It's a bit archaic to install but... it's simple, clean, and you have everything in one screen.

So you would have 5 different interventions you could use that could be considered somewhat standard and the admit can just pick and choose or customize.


And we have way longer list of actions we want to do ;) We have not
yet come to any single conclusion how to make such thing manageable
for a user...

Hmm.. Well I cannot ... claim to have the superior idea here.

But Idk... I think you can focus on the model right.

Maintaining max snapshot consumption is one model.

Freezing bigger volumes to protect space for smaller volumes is another model.

Doing so based on a "critical" flag is another model... (not myself such a fan of that)... (more to configure).

Reserving max, set or configured space for a specific volume is another model.

(That would be actually equivalent to a 'critical' flag since only those volumes that have reserved space would become 'critical' and their space reservation is going to be the threshold to decide when to deny other volumes more space).
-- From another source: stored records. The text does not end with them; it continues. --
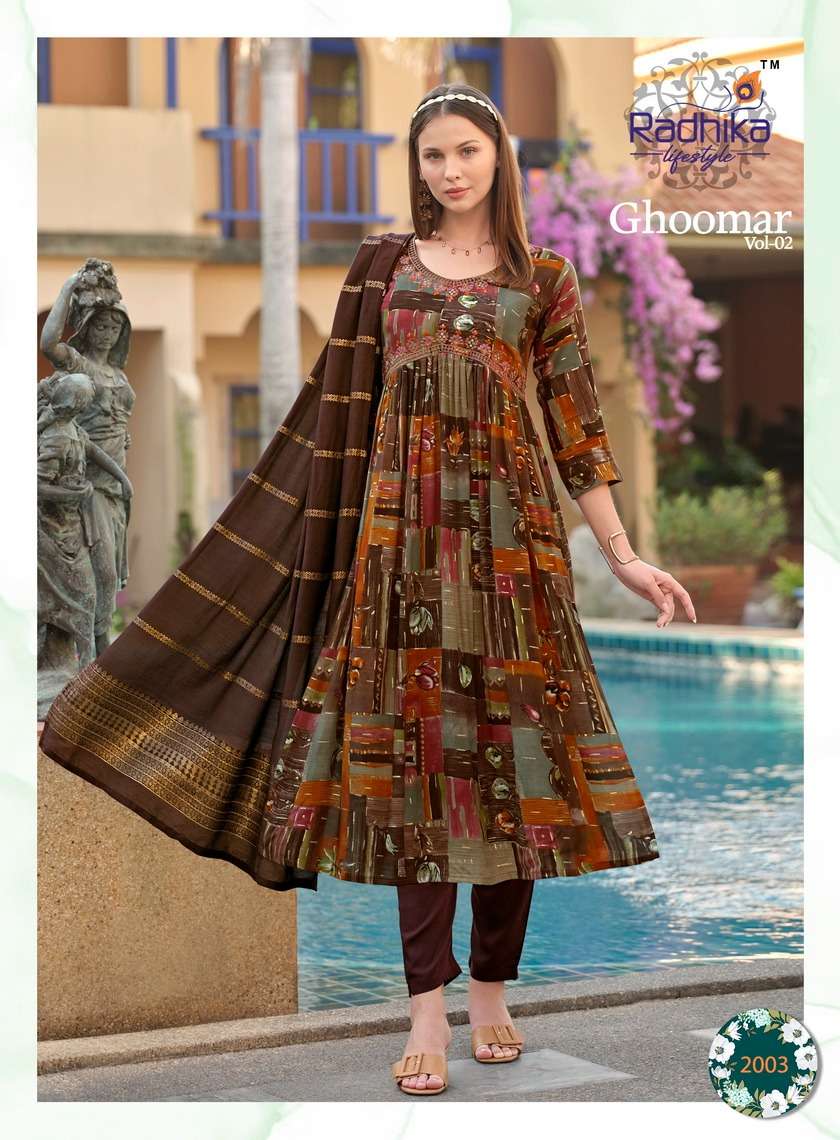 RADHIKA LIFESTYLE GHOOMAR VOL 2 KURTI PANT WITH DUPATTA COMBO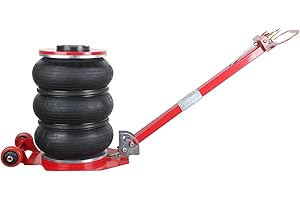 AIM Tools Cric Pneumatico 3 Ton Borsa Tripla Air Jack Martinetto di Sollevamento Rapido per Auto con Manico Pieghevole e Due Ruote, per Riparazione Auto Cambio Pneumatici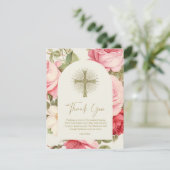 Eerste Communie Dank Je Wel Roze Rozen (Staand voorkant)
So you can simply call the 'critical flag' idea the same as the 'space reservation' idea.

The basic idea is that all space reservations get added together and become a threshold.

So that's just one model and I think it is the most important one.
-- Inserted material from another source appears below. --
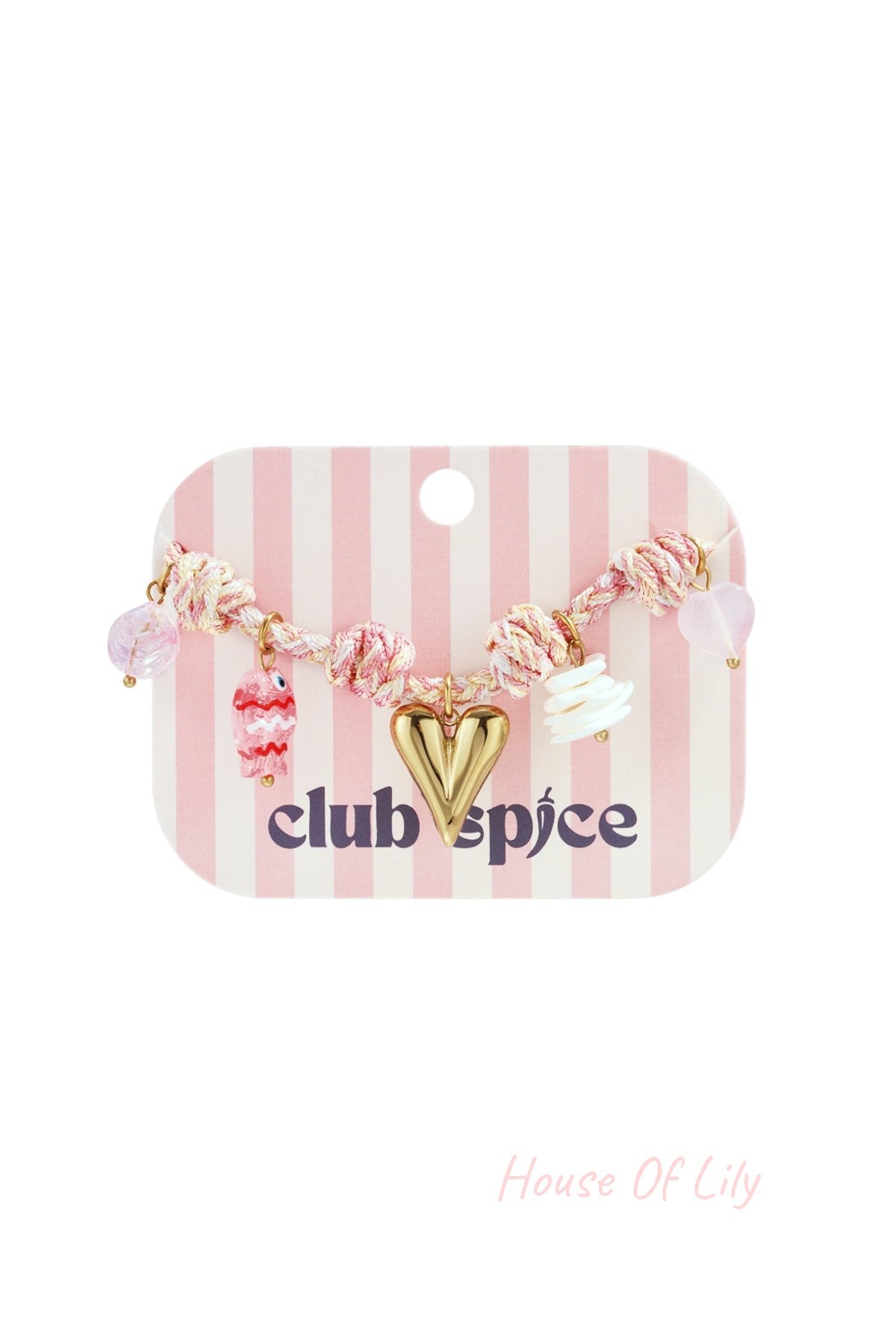 Pastel pink and white knot rope charm bracelet displayed on striped pink and white club spice card with heart and fish charms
"Reserve space for certain volumes" (but not all of them or it won't work). ;-).

This is what Gionatan refered to with the ZFS ehm... shit :p.

And the topic of this email thread.




So you might as well focus on that one alone as per mr. Jonathan's reply.

(Pardon for my language there).




While personally I also like the bigger versus smaller idea because you don't have to configure it.


The only configuration you need to do is to ensure that the more important volumes are a bit smaller.

Which I like.

Then there is automatic space reservation using fsfreezing.

Because the free space required for bigger volumes is always going to be bigger than that of smaller volumes.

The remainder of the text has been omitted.